Updated: Aug 6, 2022
Let your imagination wander for a moment. You have an evening free and there is nothing to do. I wonder what your first thought is. For many people it is a movie or a video (even two). Imagine, then, for a moment what it would be like if the power went out for weeks and you had no television, no computer, no videos, no DVDs, no CDs, no radio. How would we survive such a frightening famine of the entertainment that we have become so used to in our culture?

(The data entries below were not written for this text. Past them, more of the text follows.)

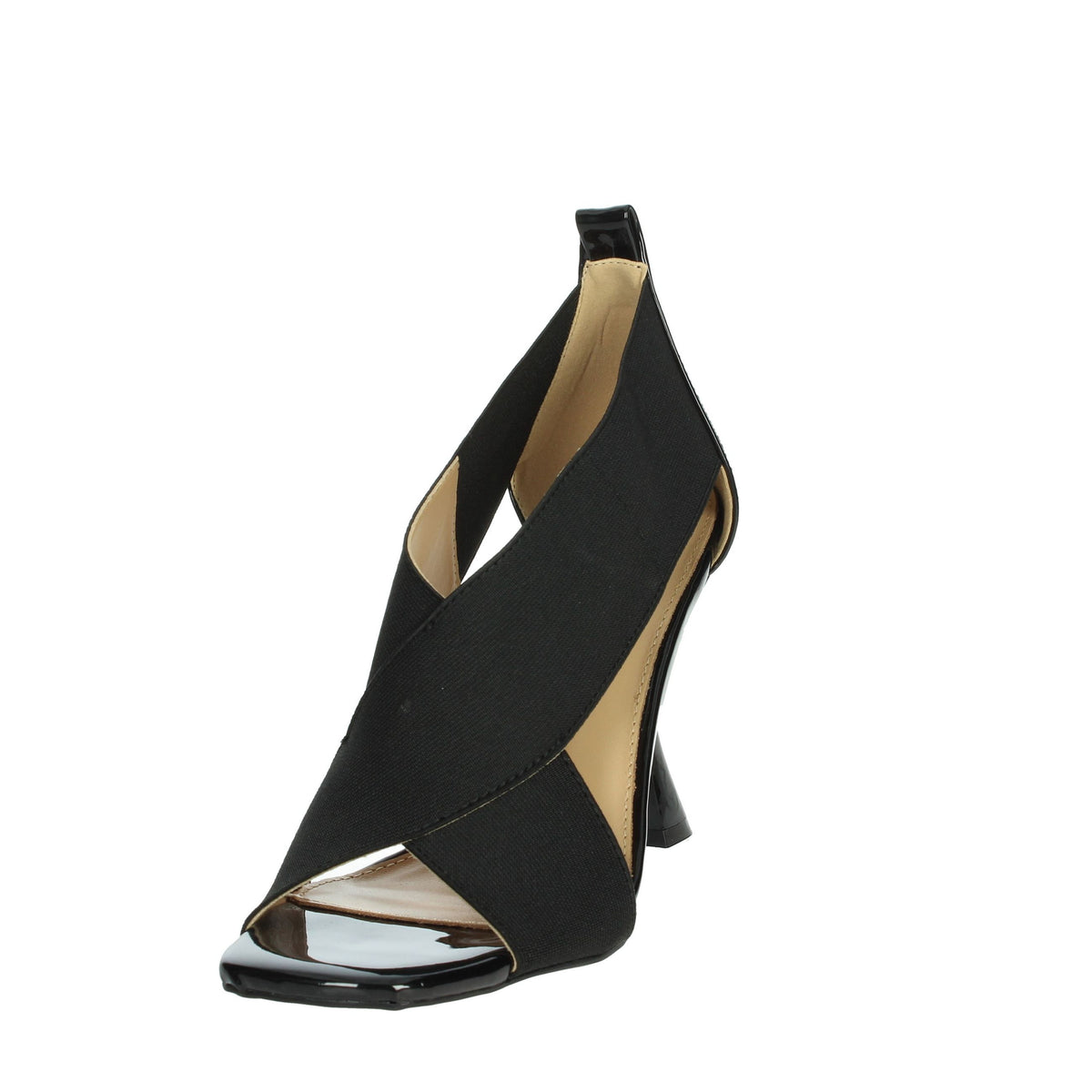 FERRE' Donna Sandali con tacco F-170 Nero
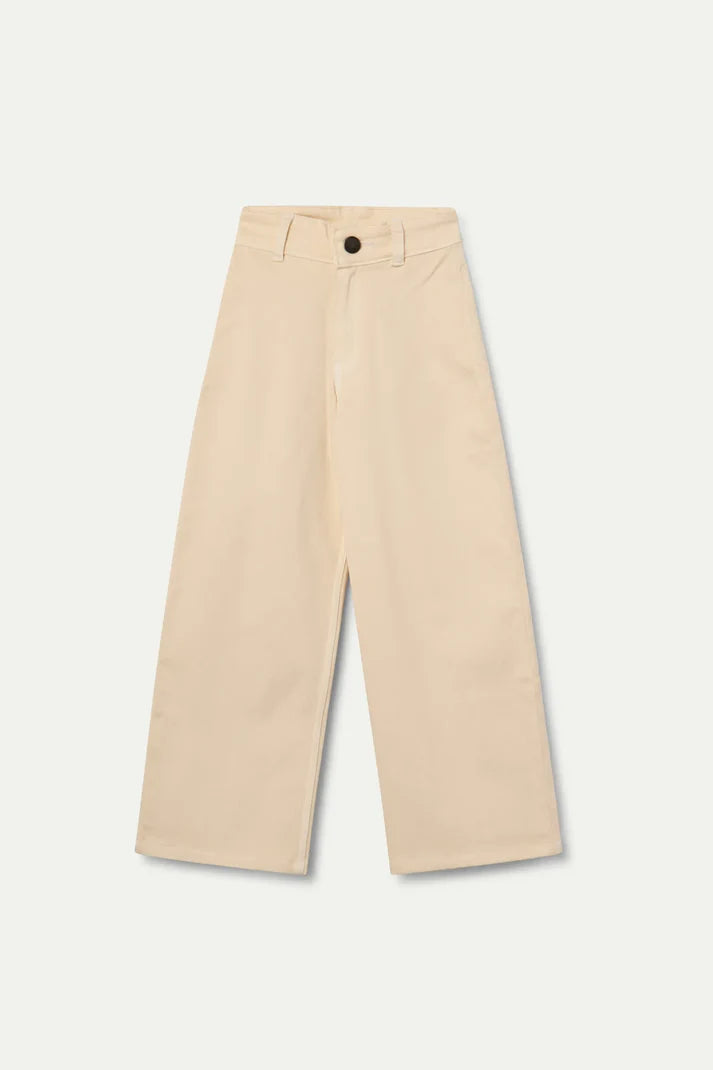 COMPANIA FANTASTICA WIDE LEG TROUSER OFF WHITE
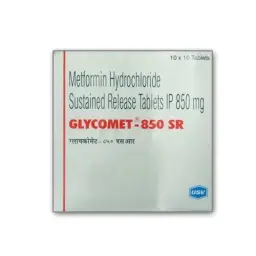 Glycomet 850 mg - Metformin Hydrochloride - USV Limited, India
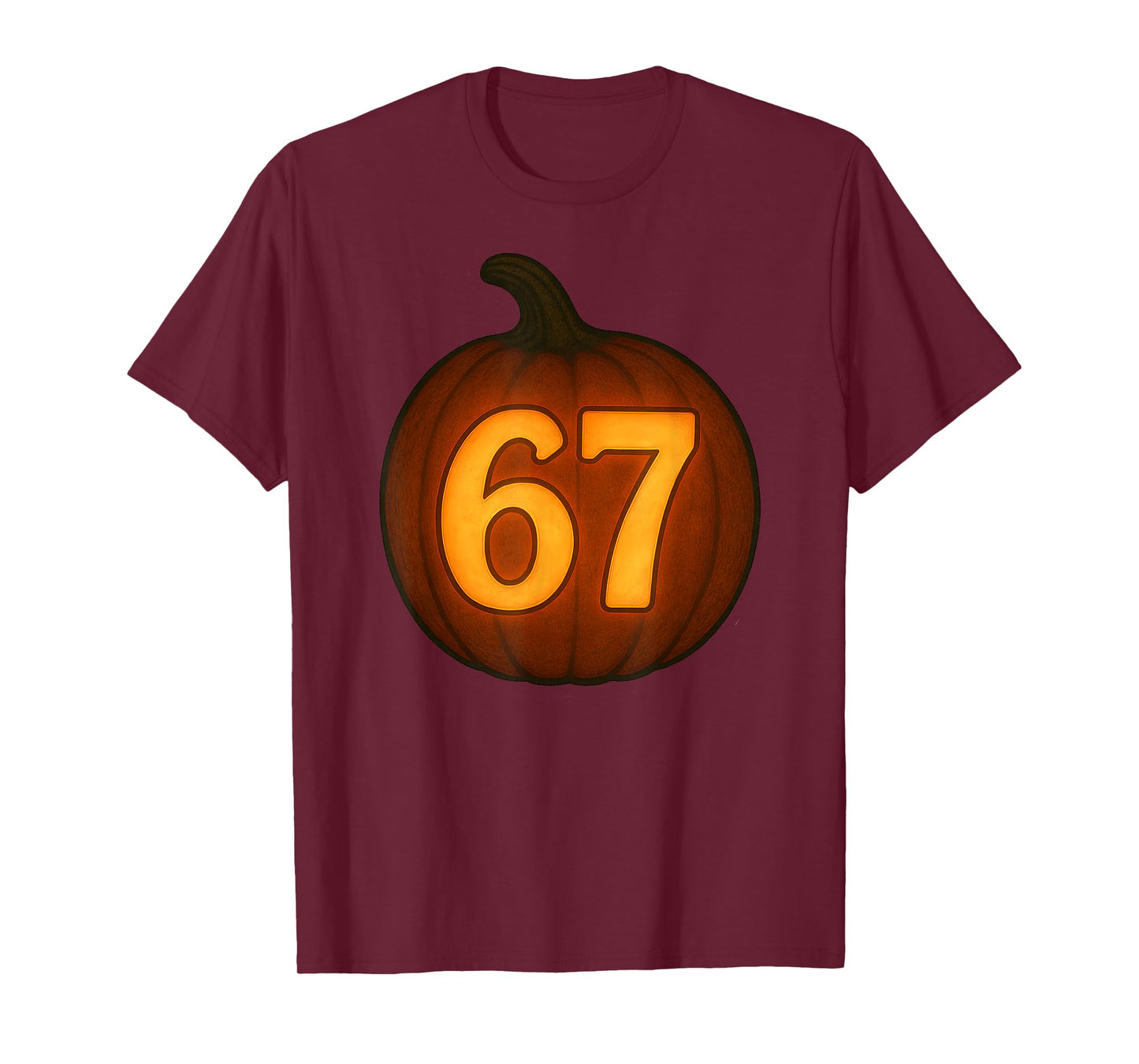 Six Seven Pumpkin 6 7 Glowing Halloween Jack-o’-Lantern T-Shirt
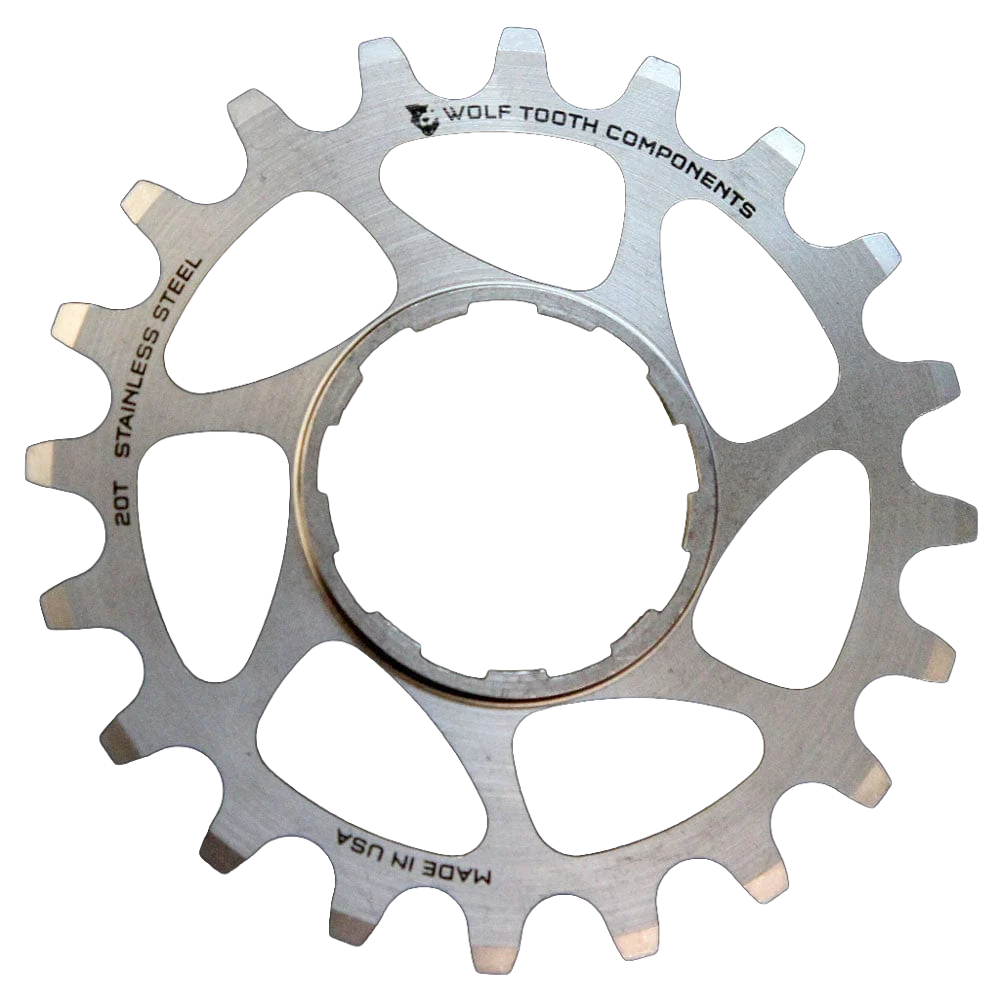 Single Speed Stainless Steel Cog - 20t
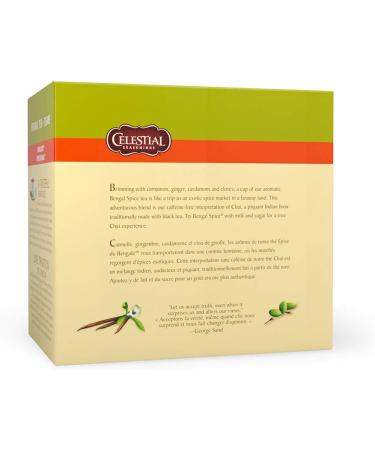 Celestial Seasonings Bengal Spice Herbal Tea 40 Tea Bags per box 1 box - Buy Online on GoSupps.com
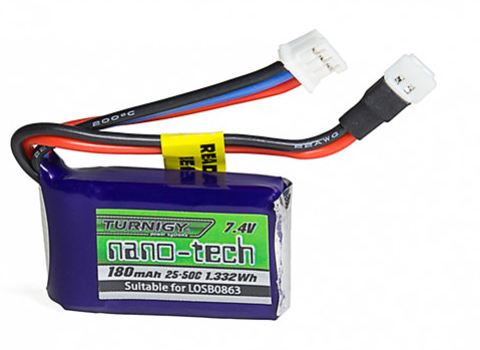 LiPo batteri nano-tech 7,4V 180mAh 2S 25C LiPoly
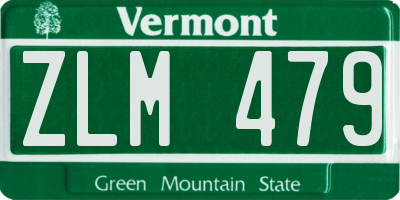 VT license plate ZLM479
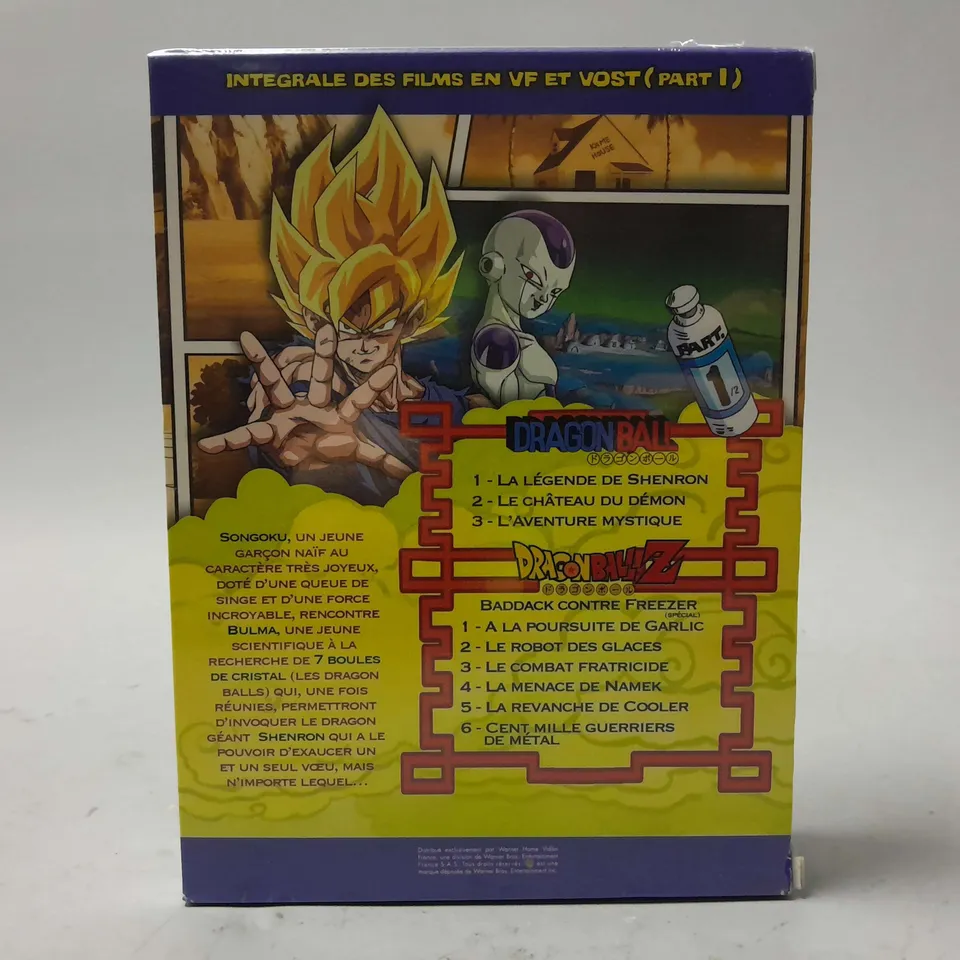 BOXED AND SEALED DRAGON BALL & DRAGON BALL Z: THE COMPLETE MOVIES (PART 1) (FRENCH VERSION)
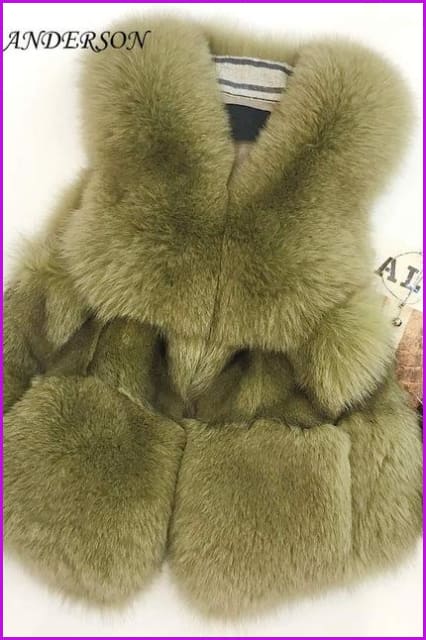 Fox Fur Gilet 55CM DO1494 - Furdela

In one weekend the city in which I live, St. Louis, can offer baseball and football excitement (at the right rime of year), multiple concerts, movies in cinemas and on video, plays and art exhibits, and a plethora of TV channels to watch at home. How could anyone be bored in this culture of entertainment? It seems almost impossible. And yet, paradoxically, a recent annual study of the opinions of consumers revealed a boredom boom. This survey found that most people desired more novelty in their lives.
The Disease of Our Time
We are bored despite living in remarkable times. Just as a drug user develops a tolerance and needs larger doses to achieve the same effect, so we too have developed a tolerance to amazing events and perhaps, to entertainment. Reader's Digest highlighted this in an article called How To Cope With Boredom. It says, "Despite its extraordinary variety of diversions and resources its frenzy for spectacles and its feverish pursuit of entertainment, America is bored. The abundant efforts made in the United States to counter boredom have defeated themselves and boredom has become the disease of our time." i In Britain, a recent article in a major national newspaper reported the Archbishop of Wales saying, "We are a deeply and dangerously bored society and we are reluctant to look for the root of that. What has happened to us?" He asks, "Why are we so bored?" ii
Let's think about the basics of boredom. There are two main types: first there is the temporary type of boredom. This is provoked by things such as a long committee meeting, a boring task, talking to people who talk only about themselves, a long flight, driving across the country, a tedious sermon, or even a long lecture on boredom. The theme on these experiences is under-stimulation and repetition. Thankfully, for this type of boredom there is usually a remedy. You can leave a boring event. You could find another job, hopefully. You can find some temporary distraction to keep your mind occupied. This type of boredom will pass.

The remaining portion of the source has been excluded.